WORK INSTRUCTION:
Retype, without changes, every line from the line that contains "Intelligenzblatt der Königlichen" through the final line of the records. Exclude pictures.

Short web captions
BEGIN
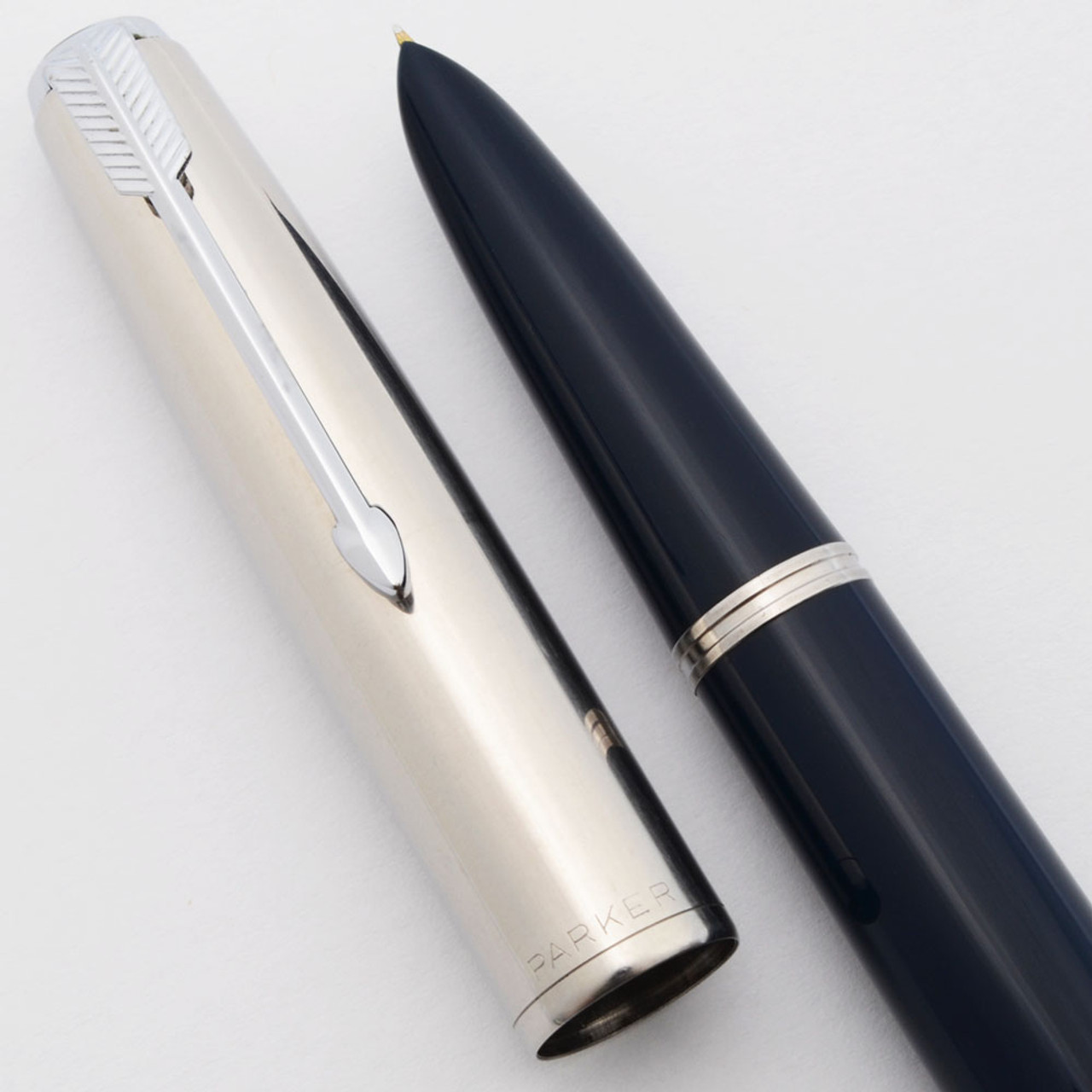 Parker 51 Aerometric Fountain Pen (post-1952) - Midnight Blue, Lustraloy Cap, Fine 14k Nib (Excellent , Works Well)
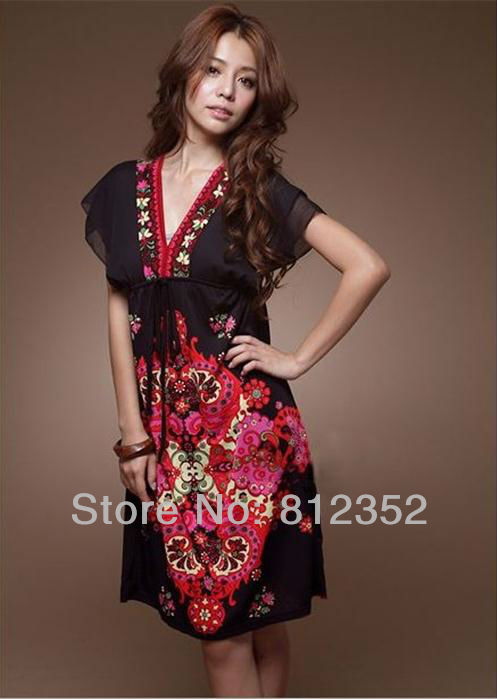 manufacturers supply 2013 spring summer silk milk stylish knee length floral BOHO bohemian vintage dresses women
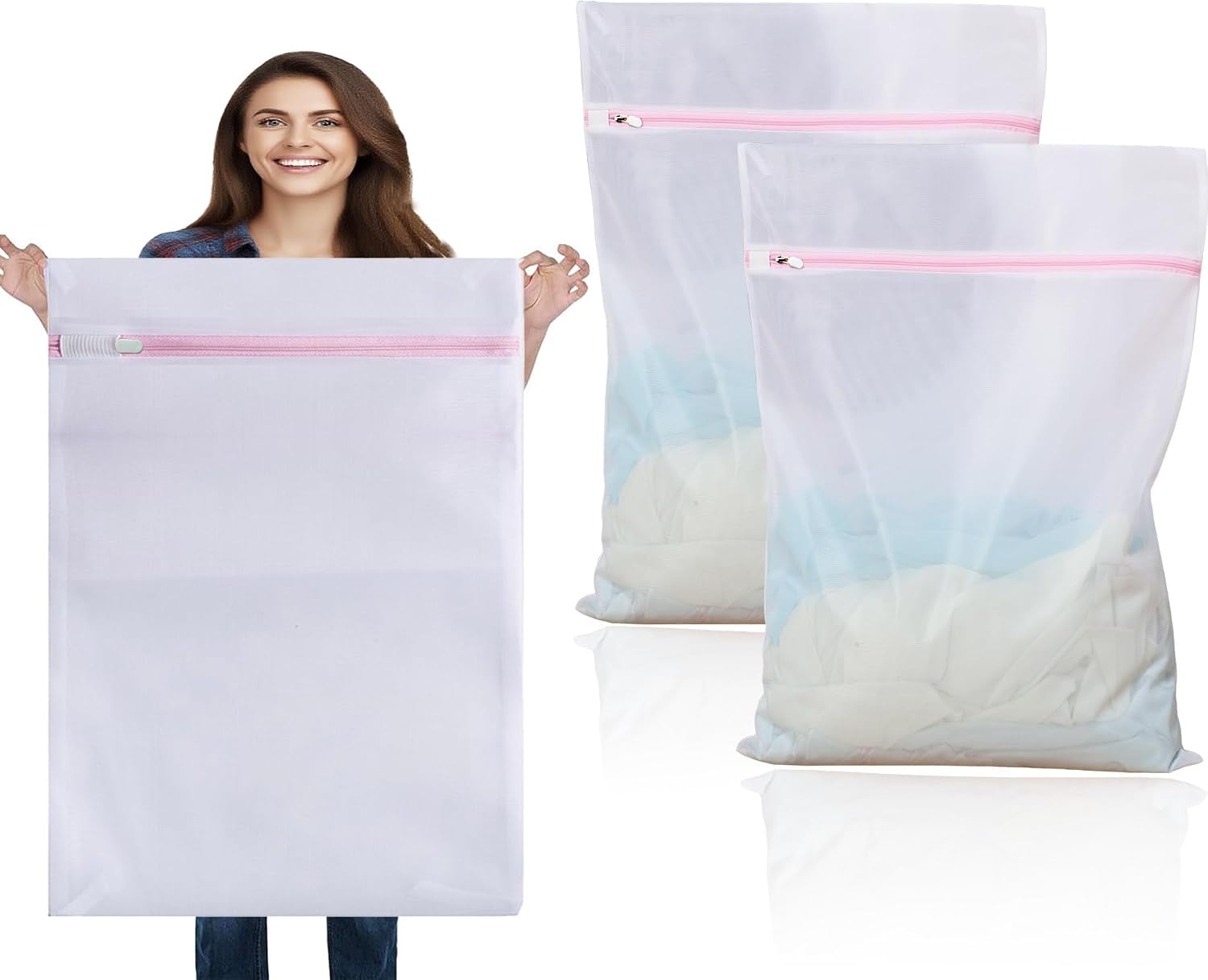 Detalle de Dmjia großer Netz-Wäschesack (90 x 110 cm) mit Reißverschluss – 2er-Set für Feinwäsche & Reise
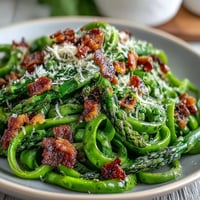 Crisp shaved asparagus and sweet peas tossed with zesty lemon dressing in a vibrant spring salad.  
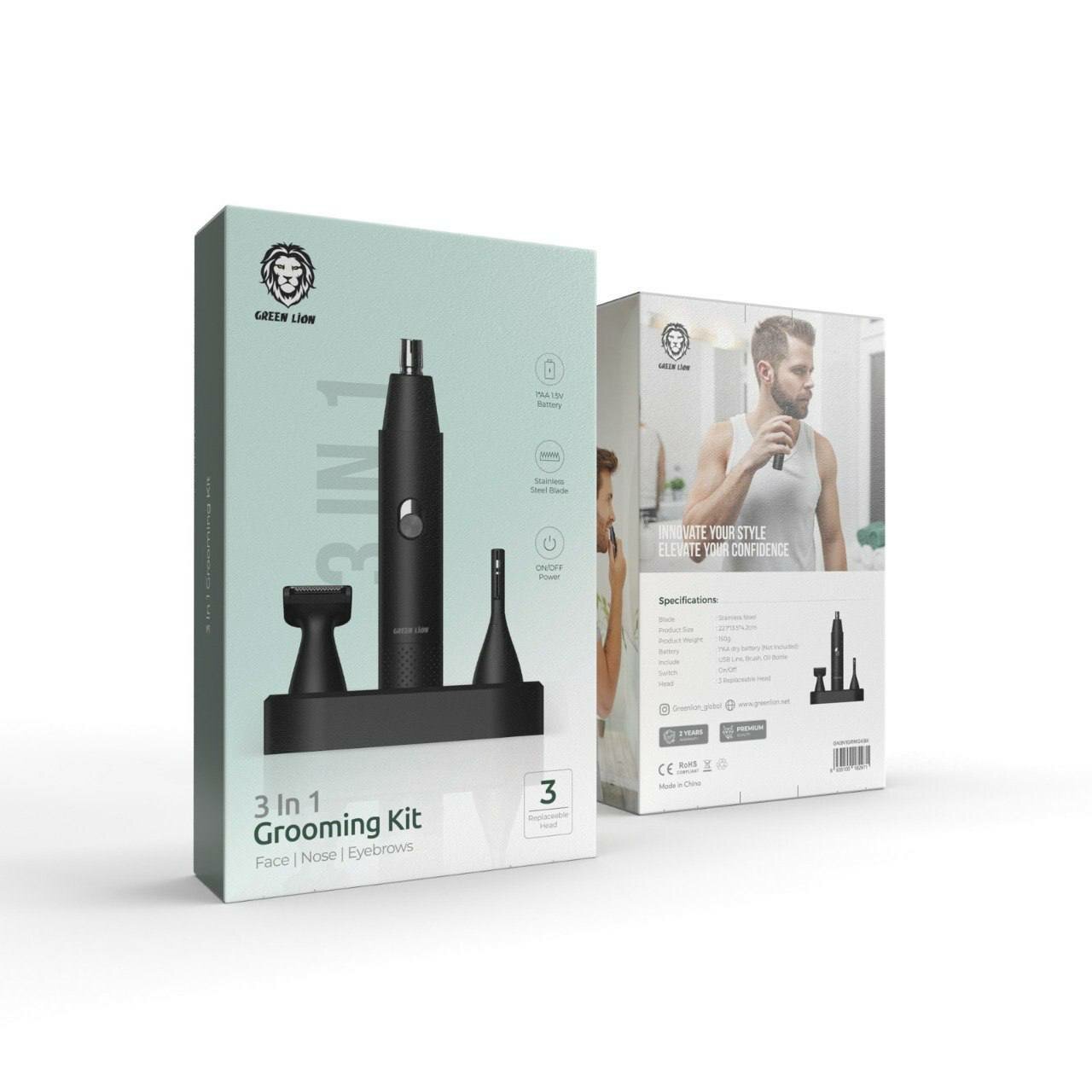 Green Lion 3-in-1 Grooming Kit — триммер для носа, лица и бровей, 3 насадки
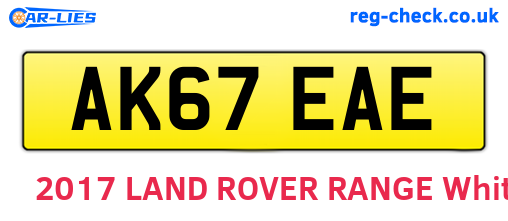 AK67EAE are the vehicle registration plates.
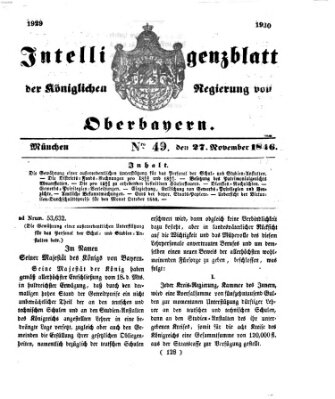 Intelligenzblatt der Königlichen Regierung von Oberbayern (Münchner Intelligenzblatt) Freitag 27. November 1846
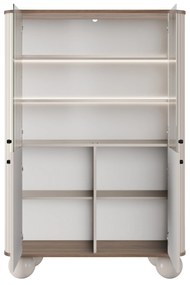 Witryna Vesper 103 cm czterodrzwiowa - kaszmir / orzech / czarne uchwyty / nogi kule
END
YOUR RESPONSE:
 Intelligenzblatt der Königlichen Regierung von Oberbayern (Münchner Intelligenzblatt) Freitag 27. November 1846
 Witryna Vesper 103 cm czterodrzwiowa - kaszmir / orzech / czarne uchwyty / nogi kule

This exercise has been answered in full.